In Italia si parla sempre più di giovani. Trascorsa l’era dei Millennials, che si sono poi assestati sui loro livelli, è stata la volta della Gen Z. Questa generazione, che oggi rappresenta una grossa percentuale di giovani in Italia, è quella dell’instabilità e dell’incertezza. Giovani, tutti o più o meno, generalmente qualificati abbastanza, anche con titoli di studio elevati eppure instabili e alla ricerca perenne del proprio posto nel mondo. È la generazione priva di quelle certezze che hanno attraversato gli anni ’80 e gli anni ’90, di chi non arriva a fine mese o vive coi genitori o appartiene al gruppo dei NeeT o ancora che ha bisogno di fare tre lavori diversi per tirare a campare. Un quadro disperato che comunque non offusca le potenzialità, ancora inespresse, della maggior parte dei membri della Gen Z. Tra cui anche tanti minori, coloro i quali vivono, cioè, la fase più delicata della loro crescita e per i quali incertezze e pericoli rischiano di diventare sempre più grandi e delicati. Indagini e studi di settore lo dimostrano.
Non da ultima l’indagine “Venduti ai Minori”, uno studio condotto su 1360 giovani tra i 10 ed i 17 anni, elaborata dal Movimento italiano Genitori in sinergia con l’Istituto Piepoli per analizzare il fenomeno della vendita ai minori di prodotti o vietati o inadatti: tra questi tabacchi, alcol, gioco d’azzardo, pornografia, videogiochi e prodotti contraffatti. È emerso un quadro disastroso e preoccupante del mondo giovanile.
Uno dei dati che più preoccupano riguarda lo scarso controllo nelle sale da gioco sui minori. Il 59% degli intervistati ha dichiarato di giocare spesso senza subire la verifica dell’età. Un dato in calo rispetto al passato ma comunque preoccupante per quelli che sono i rischi del gioco. Che, a quanto pare, è percepito come scarsamente pericoloso dai giovani. Almeno dall’83% degli intervistati, che crede di poter subire danni con il gioco ma non troppi. Il 47% pensa invece che le conseguenze possono essere serie, ma il dato è in calo e quindi emerge un problema forse educativo. Il 79% degli intervistati in minore età sa che il gioco è vietato, ma il 22% di questi ha ricevuto scarse informazioni, se non addirittura sbagliate. A ciò si aggiunga uno scarso livello di sorveglianza, che coinvolge almeno il 57% degli intervistati, che non ha ricevuto controlli dai rivenditori, che in alcuni casi i controlli li hanno totalmente bypassati.

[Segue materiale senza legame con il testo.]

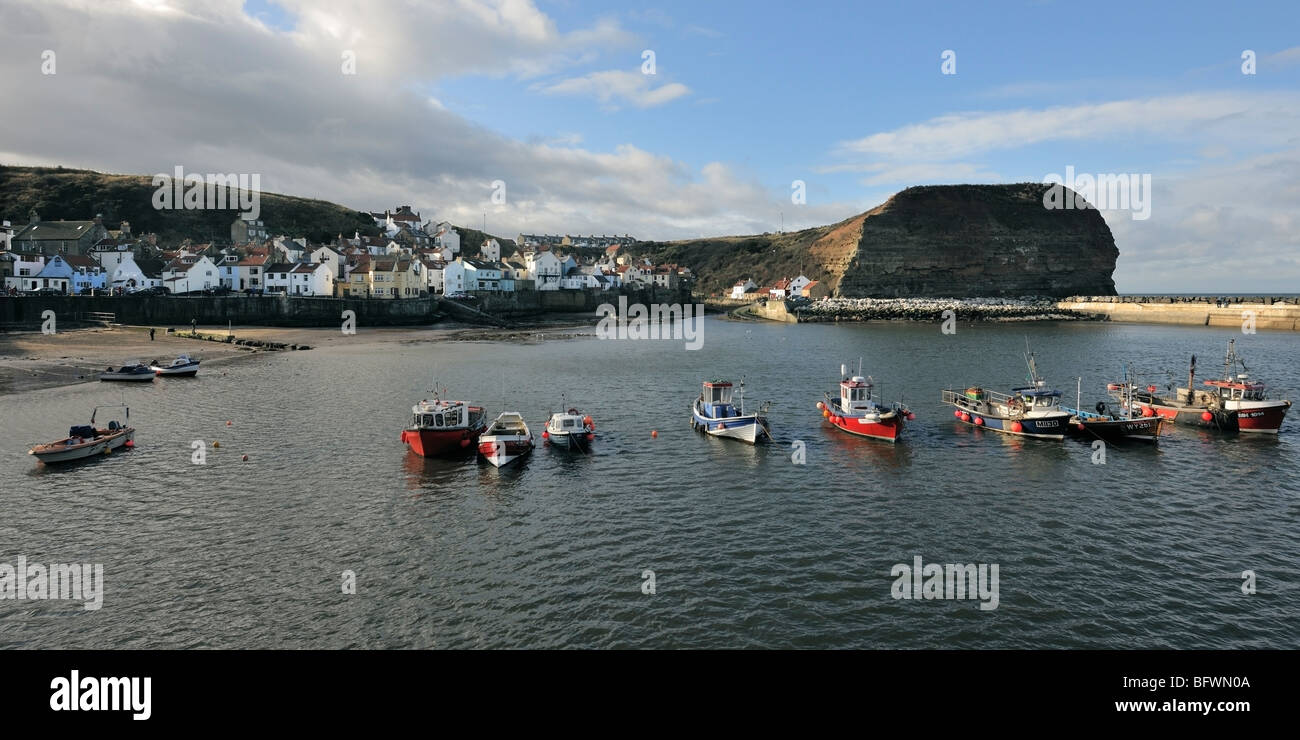 Fishing boats at anchor in the harbour at Staithes, Yorkshire Heritage Coast, England Stock Photo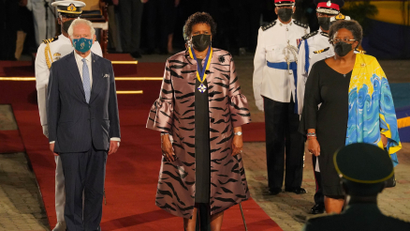 Britain's Prince Charles is joined by Barbados President Sandra Mason and Barbados Prime Minister Mia Mottley on a red carpet at a ceremony to celebrate the Republic's separation from the monarchy. Soldiers are flanked on either side of them.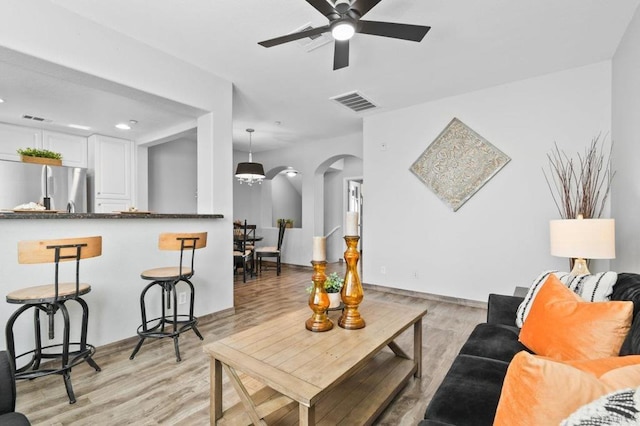 living area with light wood-style floors, arched walkways, ceiling fan, and visible vents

I videogiochi sono la passione del 71% degli intervistati, a fronte di un cambio di abitudine dei giocatori. La problematica qui è differente: il 38% dei giocatori non ritiene devianti i giochi con contenuti violenti o volgari. Gli stessi rivenditori non si curano invece di vendere a minori giochi non adatti alla loro fascia di età, ignorando le fasce PEGI. È un quadro complesso e frastagliato, che si inserisce all’interno di una generazione già fitta di problemi. A cui una soluzione, pare, non è stata ancora trovata.